------ Input data

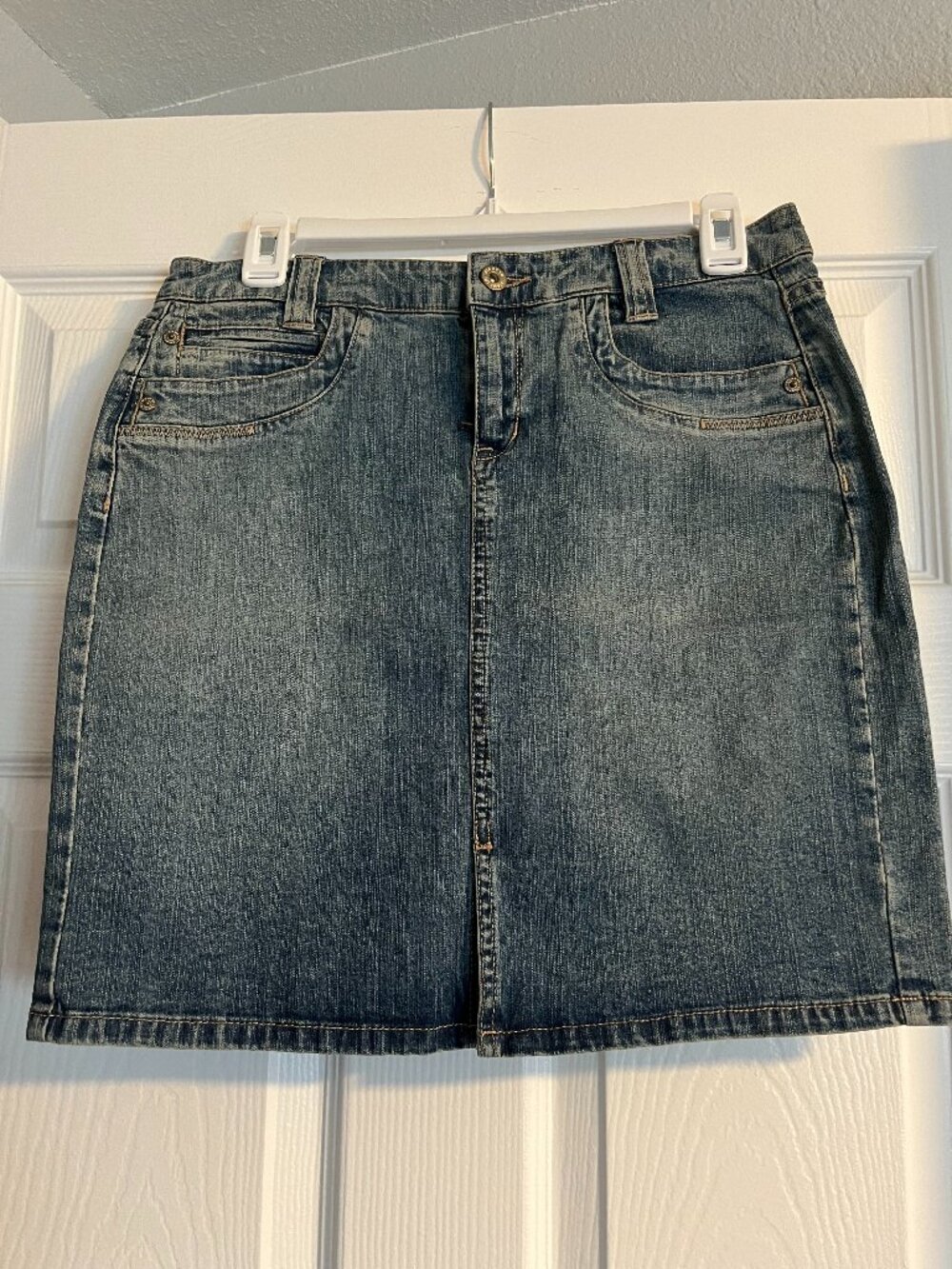 Mini Jean skirt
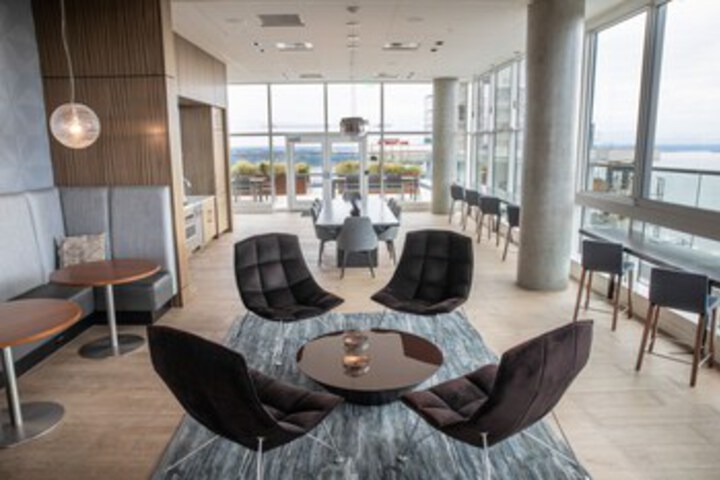 Lounge 35 of 69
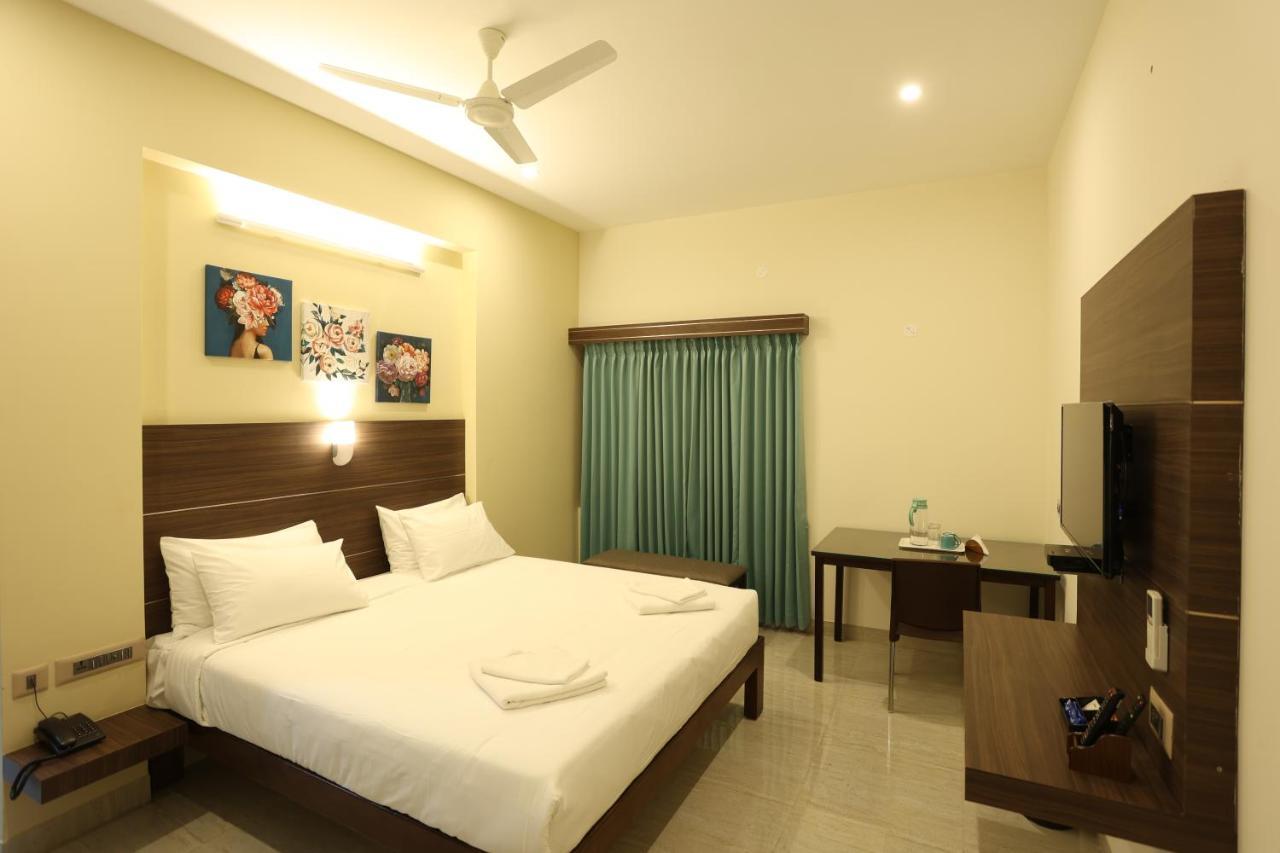 Hotel Minas Manor à Tiruchirappalli Extérieur photo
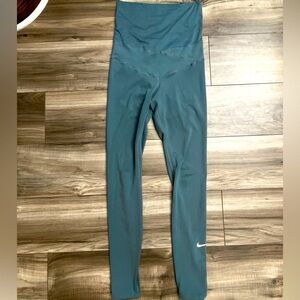 Nike Maternity High-Waisted Leggings-Tall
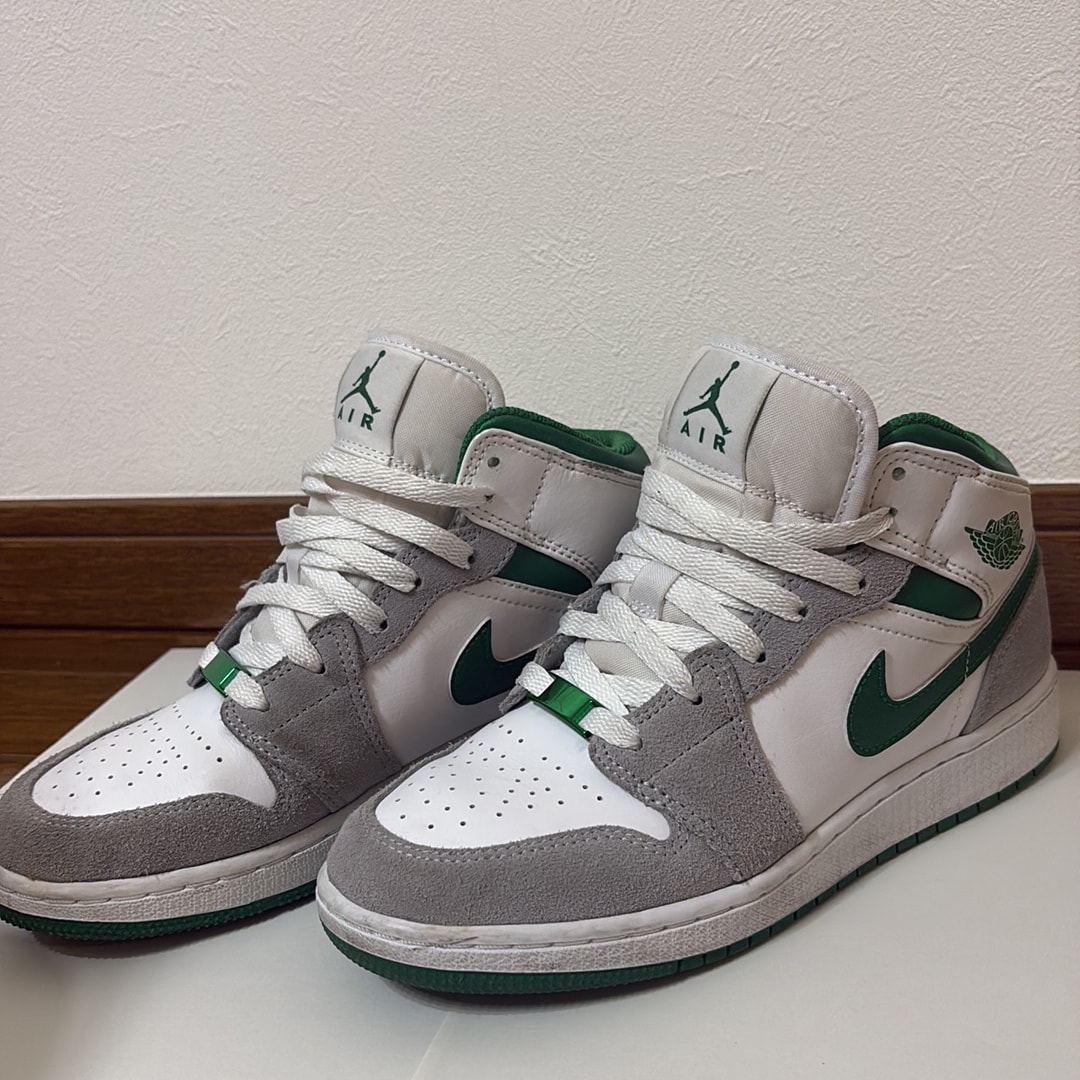 Nike GS Air Jordan 1 Mid SE "White/Pine Green/Smoke Grey"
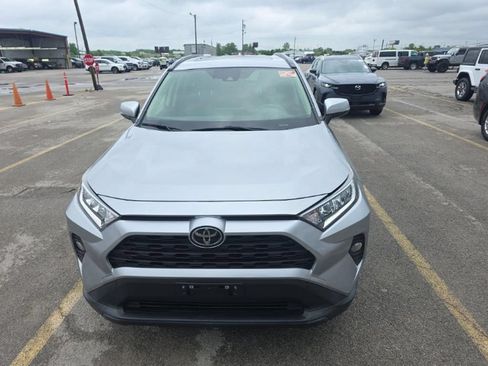 Used 2020 Toyota RAV4 XLE w/ Convenience Package AWD/4WD image 2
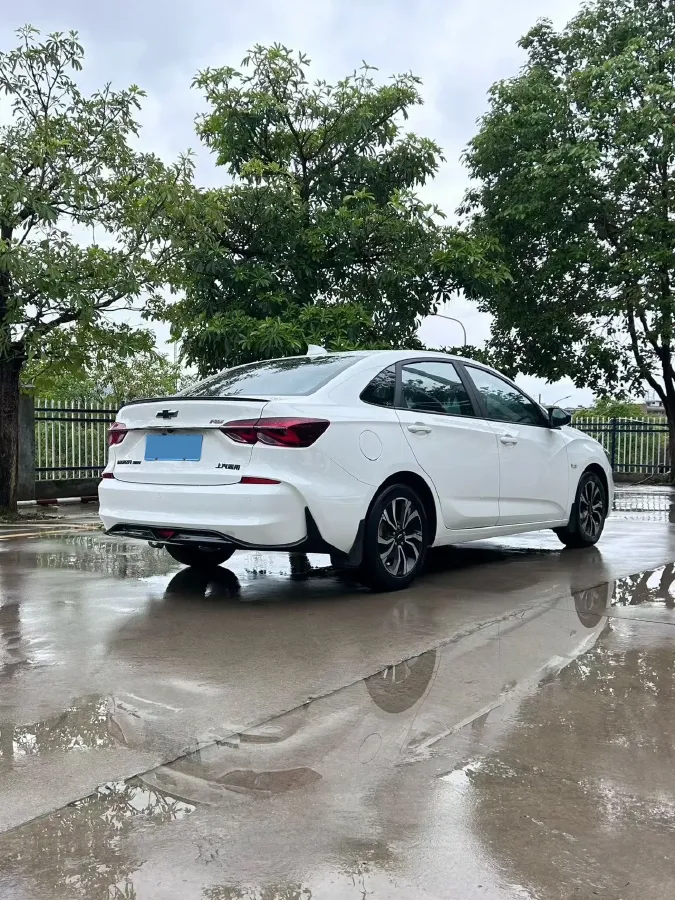2020 Chevrolet Monza 1.3T 163HP L3 6AT,autocango,china used car exporter,china ev exporter,chinese used car exporter,chinese used ev exporter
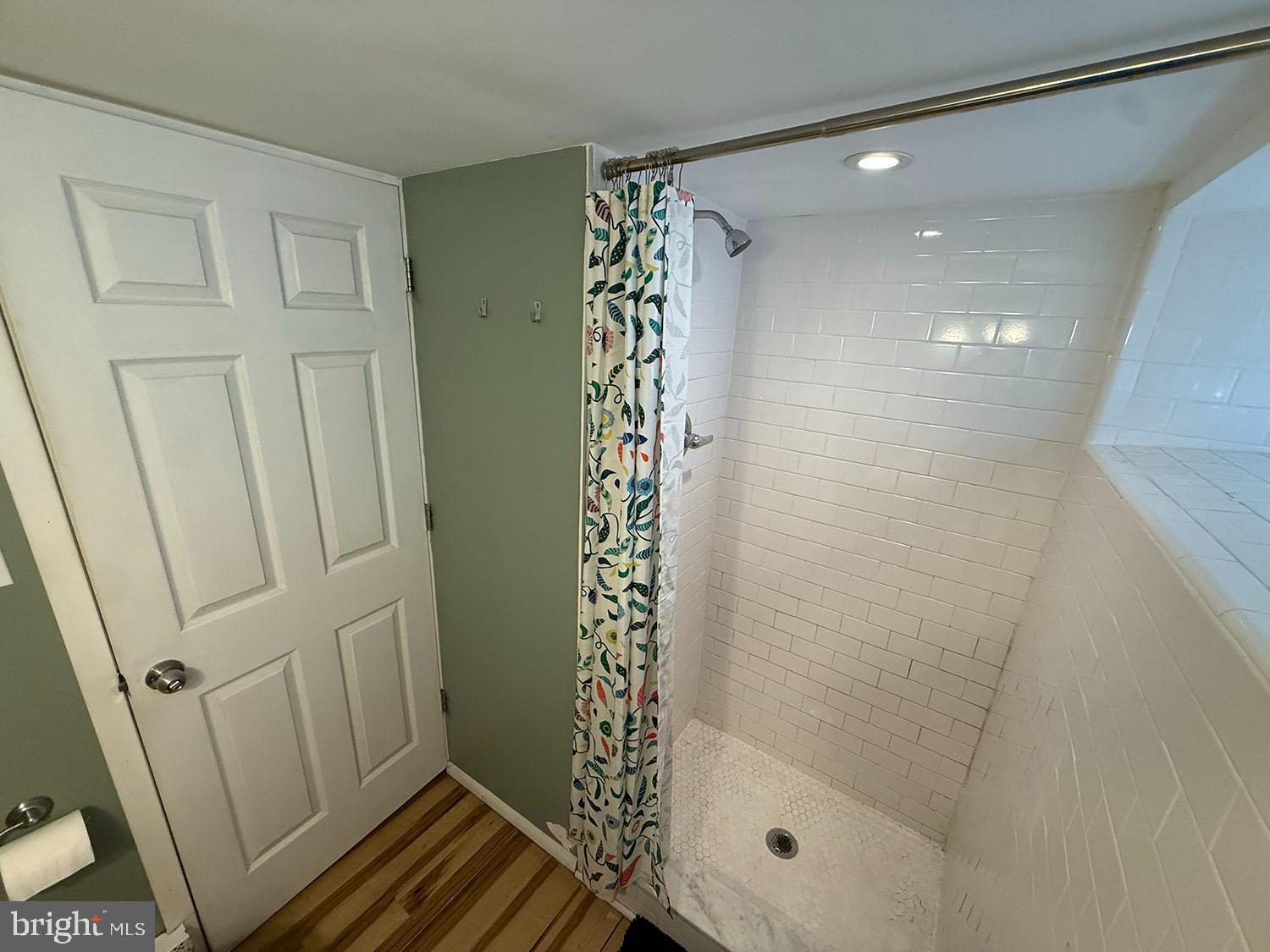 5902 E Roosevelt Blvd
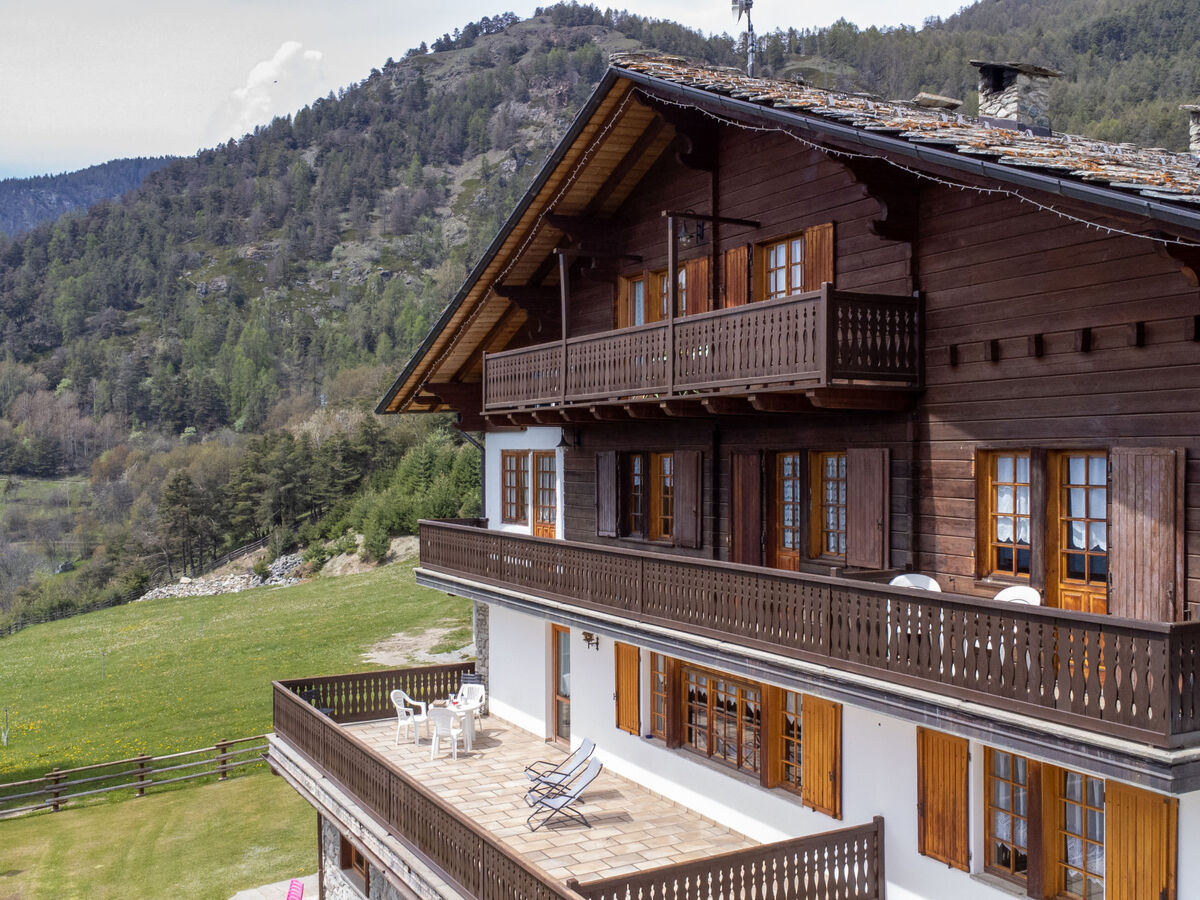 Chalet Marmotte – 80 m² avec cheminée à Sarre, vue montagnes - Photo 30
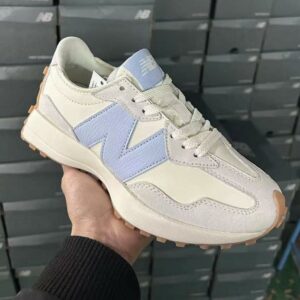 New Balance 327 Women's Moonbeam Reflection Cream Light Blue Gum Sole Casual Lifestyle Sneakers WS327KA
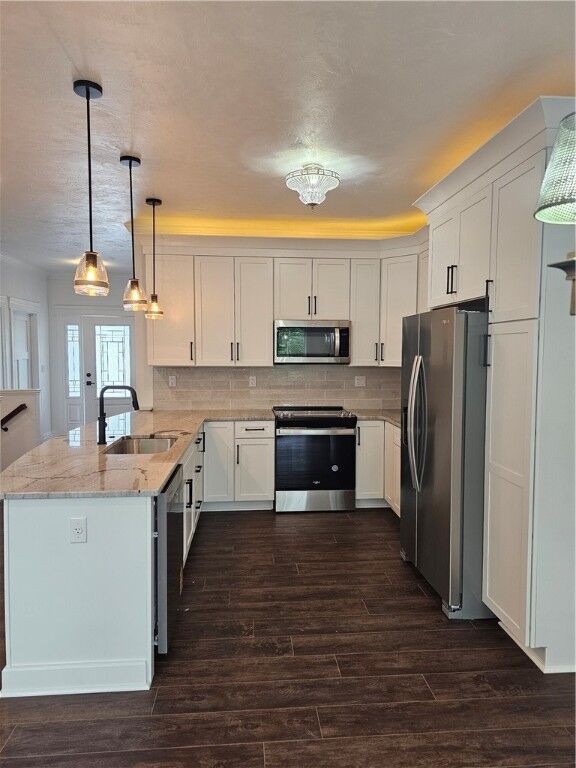 Property Photo:  816 S Tenth St  PA 15697 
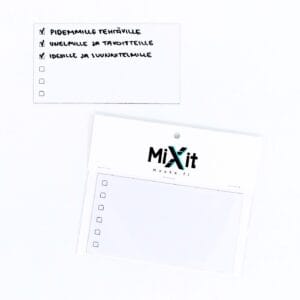Leveä magneettinen checklist pala ja myyntipakkaus valkoisella taustalla – MiXit Checklist Leveä pala | Maoka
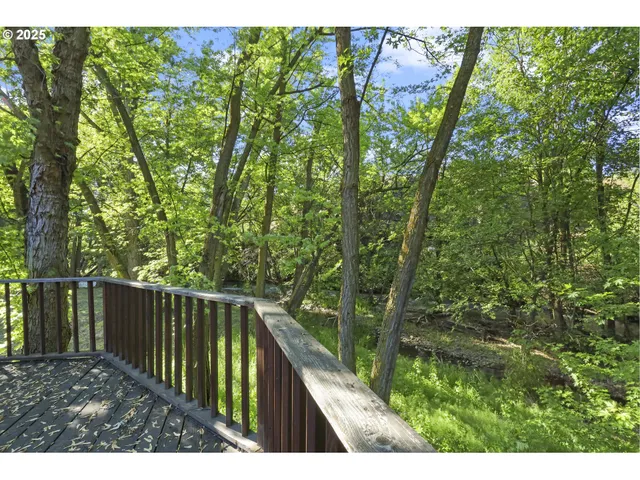 $550,000 | 529 West 3rd Place, The Dalles, OR 97058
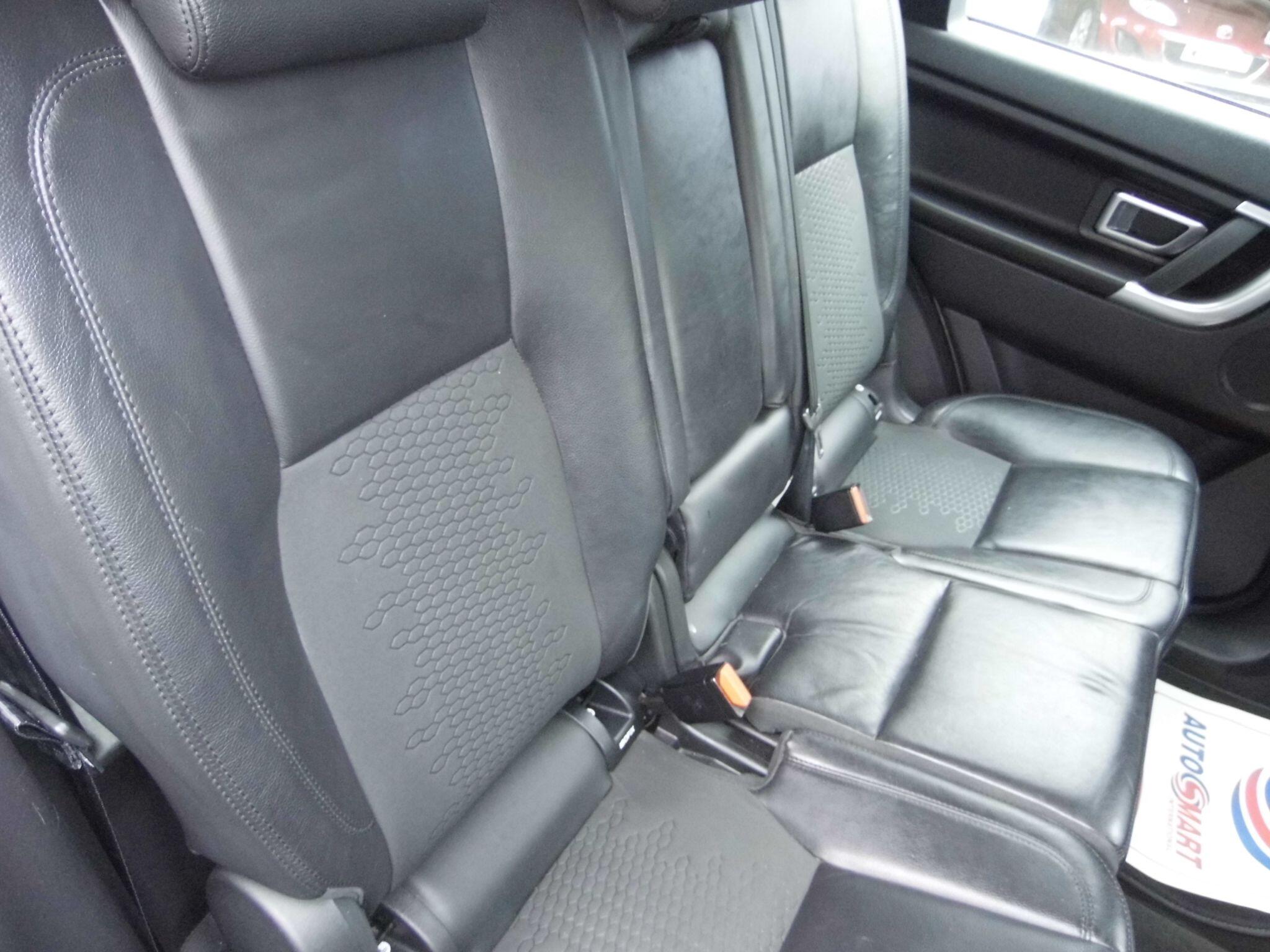 Land Rover Discovery Sport view 28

------------

With images left out, the data must be transcribed exactly.

 Mini Jean skirt
 Lounge 35 of 69
 Hotel Minas Manor à Tiruchirappalli Extérieur photo
 Nike Maternity High-Waisted Leggings-Tall
 Nike GS Air Jordan 1 Mid SE "White/Pine Green/Smoke Grey"
 Used 2020 Toyota RAV4 XLE w/ Convenience Package AWD/4WD image 2
2020 Chevrolet Monza 1.3T 163HP L3 6AT,autocango,china used car exporter,china ev exporter,chinese used car exporter,chinese used ev exporter
 5902 E Roosevelt Blvd
 Chalet Marmotte – 80 m² avec cheminée à Sarre, vue montagnes - Photo 30
 New Balance 327 Women's Moonbeam Reflection Cream Light Blue Gum Sole Casual Lifestyle Sneakers WS327KA
 Property Photo:  816 S Tenth St  PA 15697 
Leveä magneettinen checklist pala ja myyntipakkaus valkoisella taustalla – MiXit Checklist Leveä pala | Maoka
 $550,000 | 529 West 3rd Place, The Dalles, OR 97058
 Land Rover Discovery Sport view 28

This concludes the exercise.